Its a busy week in the night skies. First we took pictures of a giant monkey nut on the edge of the solar system, Ultima Thule, which turned out to be two giant rocks stuck together. Did Tangerine Dream know this when they released 'Ultima Thule Part1 and Part 2' back in 1972? Unlikely, as it was only discovered in 2014.
Closer to home the Chinese landed a craft on the so-called Dark Side of the Moon, (which gets exactly the same amount of sunlight as the other side).
The Moon is a remarkable thing
- it takes exactly the same length of time to rotate as it does to complete a single orbit of the earth, meaning we face the same 1/2 of the moon all the time. You'll have to check with NASA whether that makes moon exploration any easier, I'm guessing it does.
- it is exactly the right size and distance in proportion to the sun that a full solar eclipse blocks out the suns disc but allows us to view the corona. Again, that's quite handy in a number of ways.
- it is the right size and distance to create significant, but not (usually) life-threatening tides on the sea-dominated earth, which moderate the climate, distribute food, support coastal eco-systems, aid navigation, and should provide for tidal power if we ever get round to funding it properly.
It's almost like someone set it up that way....
Anyway, back to the Far Side of the Moon. If you lived there, would you know about the Earth? It would be the centre of your universe, the context in which your 'planet' lived and moved and had its being, the original source (many think) of its existence, but you'd never see it. You wouldn't even be aware of it. It would only be possible to see the thing if you made a long journey round to the other side. In the meantime you might be tempted to think that everything else orbited around you.
The third astronomical phenomena of the week is Epiphany, this Sunday, when MASA (Magi Amateur Stargazers Association) despatched a mission to a distant satellite, investigating new and strange events in the night sky.

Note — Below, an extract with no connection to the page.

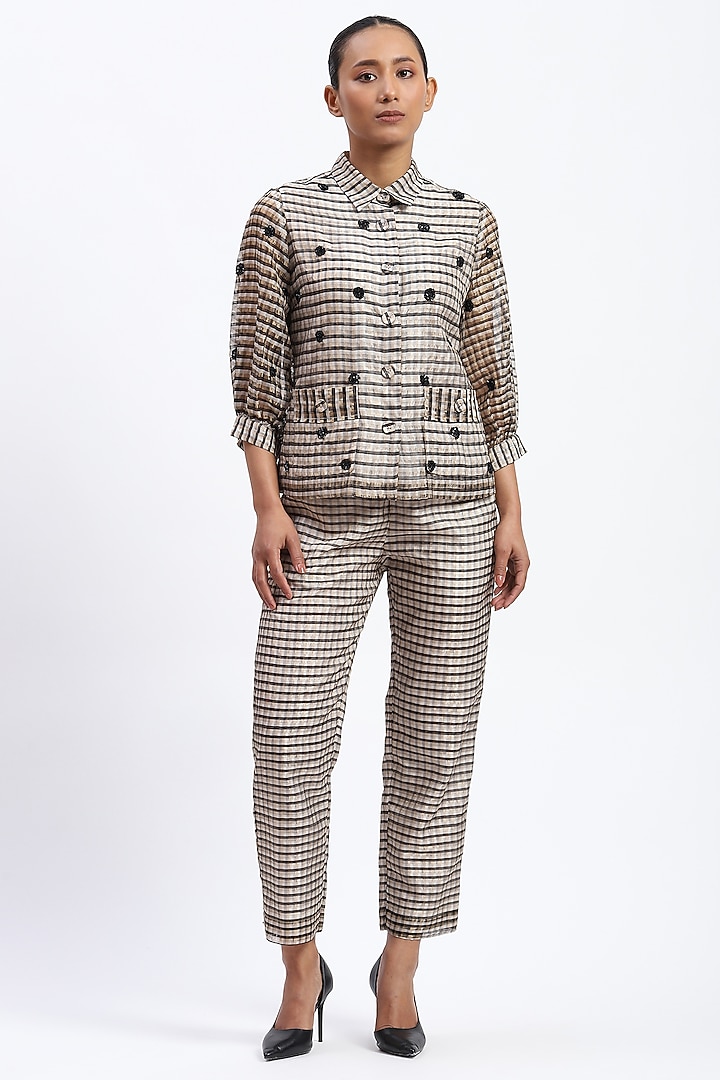 Multi-Colored Chanderi Hand Embellished Shirt by Abraham & Thakore at Pernia's Pop Up Shop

At the end of a long journey, they found the source of life, the centre of the universe. They discovered more in that one journey than any lifetime of study. The heavens declare the glory of God, the skies proclaim his handiwork (Psalm 19).
For scientists who study the heavenly bodies, the study is one thing, but to actually see the object of your study is something else entirely. Epiphany means 'unveiling', the God who can not just be known about, now he can be seen.